Predicting treatment resistance
Despite the vast personal and societal impact of schizophrenia, the preventive measures for people at risk of developing the disease, and personalised curative treatment options for people who have developed the illness, were lacking. Therefore, Dr Ajnakina and her team are developing reliable prediction models for estimating an individual risk for E-TR and L-TR, with the aim of understanding patients’ risk of developing treatment resistance, especially after a period of favourable response to the ongoing treatment with antipsychotic medications.
Having focused on factors known to be associated with poor schizophrenia outcomes, such as adverse childhood experiences, substance use and lack of social support, they employed computer intensive statistical learning methods, particularly regularised regression methods, have been suggested as optimal methods for clinical and personalised risk prediction.

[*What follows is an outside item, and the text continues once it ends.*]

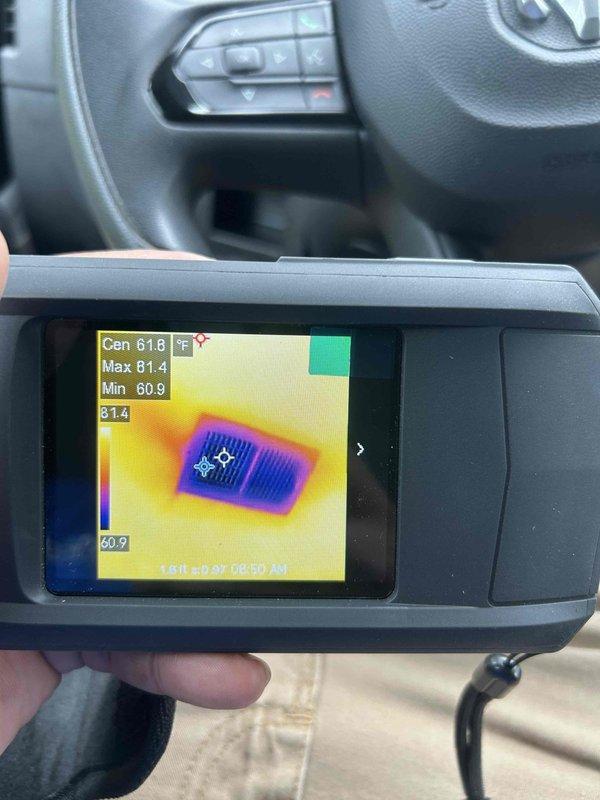 Responded to no cooling call on residential HVAC system. Upon arrival, performed electrical diagnostics using digital multimeter to test voltage and amperage at outdoor unit. Readings indicated potential compressor or electrical issue. Utilized thermal imaging camera to assess temperature differentials across system components, with thermal scan showing center temperature of 61.8°F and minimal temperature variance between components. Documented findings with photos for service records. Customer made aware of diagnostic results and repair options for restoring cooling operation to system.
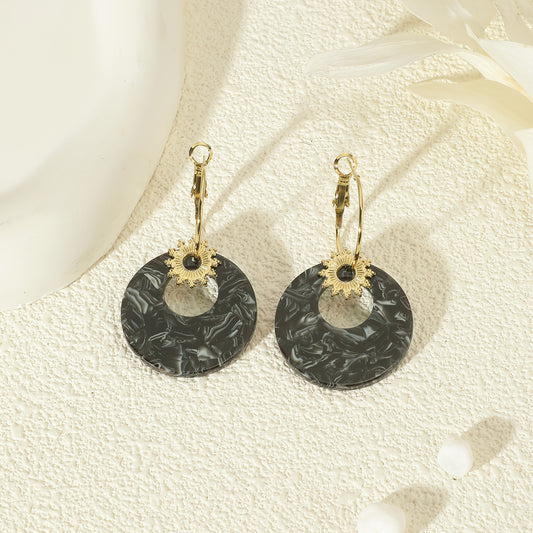 Boucles d'oreilles Dorées Soleil Pendantes Acrylique Noire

The developed models had good discriminative ability to identify those schizophrenia patients who were at a greater vs lesser risk to meet criteria for E-TR and L-TR. The obtained discriminative ability for each model was on par with prediction models for coronary heart disease, breast cancer and cardiovascular disease, which are now included in clinical guidelines for therapeutic management. Moreover, the developed prediction models for estimating an individual risk for developing E-TR and L-TR following onset of schizophrenia showed a strong ability to identify those schizophrenia patients who will not develop these TRS subtypes in the following 5 years; whereas, the high specificity implies these models are likely to correctly classify a higher proportion of schizophrenia patients as high risk for TRS subtypes in the following 5 years. Thus, utilising these models in practice can reduce the chances for newly diagnosed schizophrenia patients being exposed to inappropriate intervention plans designed for treatment resistant schizophrenia.
Although further work is needed to improve them, these prediction models allow a rapid assessment of an individual risk for TRS subtypes, which can be useful to implement individually-tailored prevention strategies.
What was a challenge that you faced while conducting this research and how did you overcome it?
<>When researchers and clinicians talk about treatment resistance in schizophrenia, they often, unintentionally or not, create a picture of unescapable doom for the affected patients and their loved one. This is not the case! The challenging part of this work was to provide a balance between the severity of this illness and hope for better outcomes for those affected. We have reached an era when with the right tools, we can create personalised risk prediction tools for schizophrenia that would lead to better intervention and prevention strategies. I dealt with this challenge by critically reviewing the current evidence and included a word of caution for overoptimism. Yes, our work still needs to be improved by using a larger sample, but the first step is the hardest, and we certainly did it in this work.